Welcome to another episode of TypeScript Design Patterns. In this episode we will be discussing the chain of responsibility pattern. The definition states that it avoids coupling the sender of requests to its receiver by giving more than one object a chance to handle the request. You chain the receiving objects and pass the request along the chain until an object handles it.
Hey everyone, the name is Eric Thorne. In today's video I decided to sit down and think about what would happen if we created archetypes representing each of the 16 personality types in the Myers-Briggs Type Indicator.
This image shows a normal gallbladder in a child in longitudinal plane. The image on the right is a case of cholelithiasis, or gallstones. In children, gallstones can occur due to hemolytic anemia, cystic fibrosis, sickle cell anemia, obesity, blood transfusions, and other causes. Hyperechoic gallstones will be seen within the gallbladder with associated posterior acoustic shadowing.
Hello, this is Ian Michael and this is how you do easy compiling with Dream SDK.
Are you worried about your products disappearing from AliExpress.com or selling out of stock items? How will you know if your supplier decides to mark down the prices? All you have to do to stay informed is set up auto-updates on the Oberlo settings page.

• • • •

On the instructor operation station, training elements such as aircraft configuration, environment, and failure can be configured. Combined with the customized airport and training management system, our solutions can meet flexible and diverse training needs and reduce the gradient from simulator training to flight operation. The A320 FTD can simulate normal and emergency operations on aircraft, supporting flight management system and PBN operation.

• • • •

* _EXERCISE INSTRUCTIONS_:
Please transcribe only the lines in the records above running from the line that has "This image shows" through the line that has "Are you worried", both included, exactly as they appear.

* _RESPONSE TO THE EXERCISE_:
This image shows a normal gallbladder in a child in longitudinal plane. The image on the right is a case of cholelithiasis, or gallstones. In children, gallstones can occur due to hemolytic anemia, cystic fibrosis, sickle cell anemia, obesity, blood transfusions, and other causes. Hyperechoic gallstones will be seen within the gallbladder with associated posterior acoustic shadowing.
Hello, this is Ian Michael and this is how you do easy compiling with Dream SDK.
Are you worried about your products disappearing from AliExpress.com or selling out of stock items? How will you know if your supplier decides to mark down the prices? All you have to do to stay informed is set up auto-updates on the Oberlo settings page.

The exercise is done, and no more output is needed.